The Pension Protection Fund (PPF), more commonly known as the UK pensions ‘lifeboat’ scheme, has made a push into global real estate by picking two real estate managers to advise it on developing an investment strategy.
The £4.5 billion (€5.2 billion; $7 billion) pension fund, created in 2005 to compensate pension holders from bankrupt employers and insufficient pension schemes, said LaSalle Investment Management and CBRE Investors had won the mandate.
It also said that Aviva Investors would continue to manage an existing UK portfolio and would be “available for a global portfolio” on a deferred appointment basis. Aberdeen Investors and Invesco Real Estate are also on deferred appointments.
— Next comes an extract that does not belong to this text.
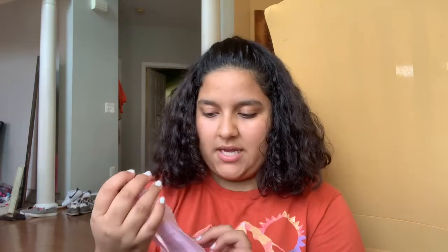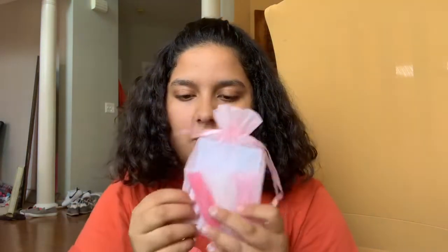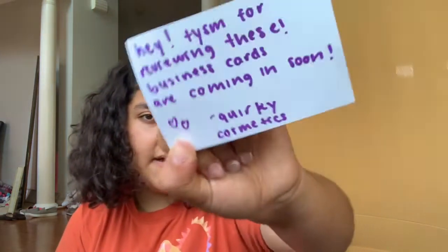Let's open it — oh, these colors are so pretty, look at this! So I had to get the mail, but look at these colors, that's so pretty. I like the color of the organza bag, it's like a pastel. And here's a little card — it says, 'Hey, thank you so much for reviewing these.' Her business cards are coming in soon, and it says Quirky Quirky Cosmetics.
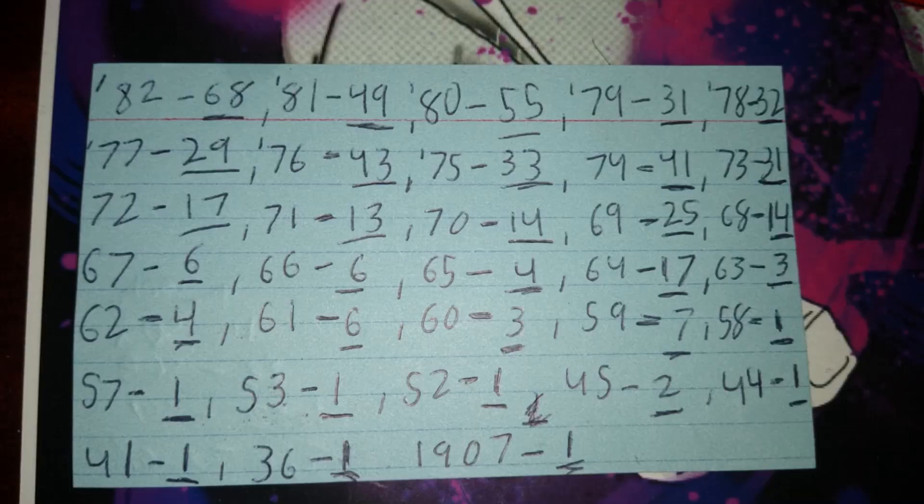Thanks for watching. I hope this was useful. If you want to see the full penny breakdown, here it is. Now, roll up those coins.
In a statement, PPF said this was part of a strategy to develop its alternatives portfolio as set out in its statement of investment principles. The appointments will be for an initial three years with PPF having the option to extend them for another three.
Last July the fund picked Goldman Sachs, Pantheon, Hamilton Lane, Lexington, LGT, Partners Group and RREEF as advisors to carry out a private equity secondaries programme. That followed a move earlier in March 2010 to allocate 20 percent to alternatives.
In its 2009,2010 annual report, the fund said it had directly protected 46,000 people and had built up assets of £4.5 billion.